There are income limits on who can file for Chapter 7 bankruptcy. If you qualify and the judge approves your case, the process is usually complete in three to four months.
Chapter 13 is known as the “wage earner’s plan,” because you need regular income to qualify.
The court will put you on a three-to-five-year repayment plan. You will be able to keep all of your assets, but don’t expect to keep much of your paycheck beyond basic living expenses.
“So it’s not a get-out-of-jail-free card; it’s not a silver bullet,” said Mancini. “You know it depends on whether you can afford to pay what you’re required to pay under the bankruptcy code.”
Mancini says Chapter 13 is best for people who are behind on their mortgage.
Filing for bankruptcy will basically ruin your credit. Chapter 7 stays on your report for 10 years and Chapter 13 for seven years.

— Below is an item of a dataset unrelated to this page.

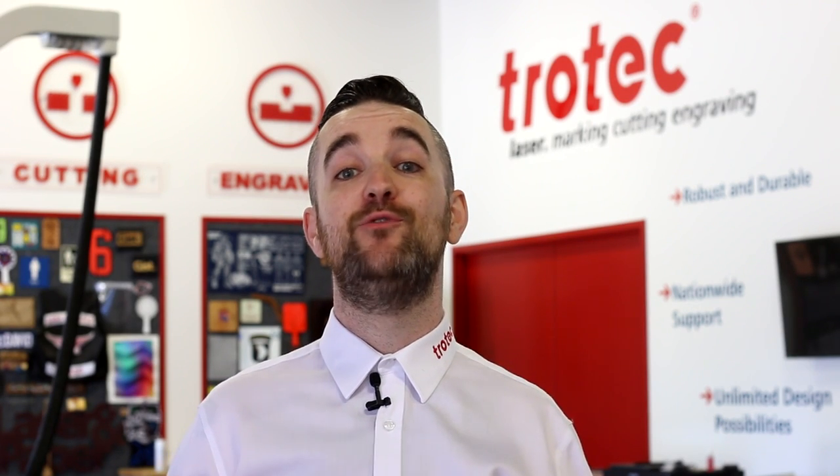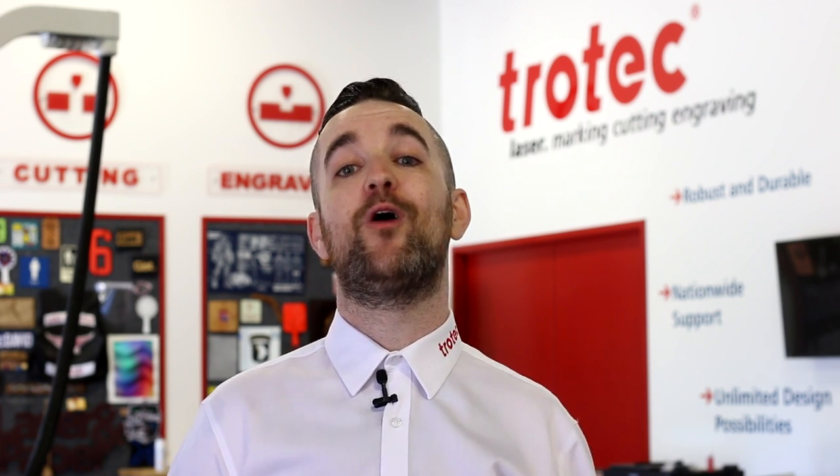Thank you so much for watching, and a huge thanks to Dave Stevens and our friends at Trotec Laser USA. You can find a link to them in the description below. Stay tuned for more hacks in the future.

“I think the negative credit consequences sometimes get overstated,” said Mancini. “Because the reality is, for someone who is overwhelmed by debt and has fallen behind already on their mortgage, their credit card payments, the credit score has already taken a hit.”
Mancini says filing for bankruptcy is one of the most significant financial decisions that a person can make and trying to do it without an attorney representing you is a huge risk.
If you need help or guidance, filing for bankruptcy does not have to add to your money troubles. The National Consumer Law Center has information on where to find free legal services to help you through this difficult time.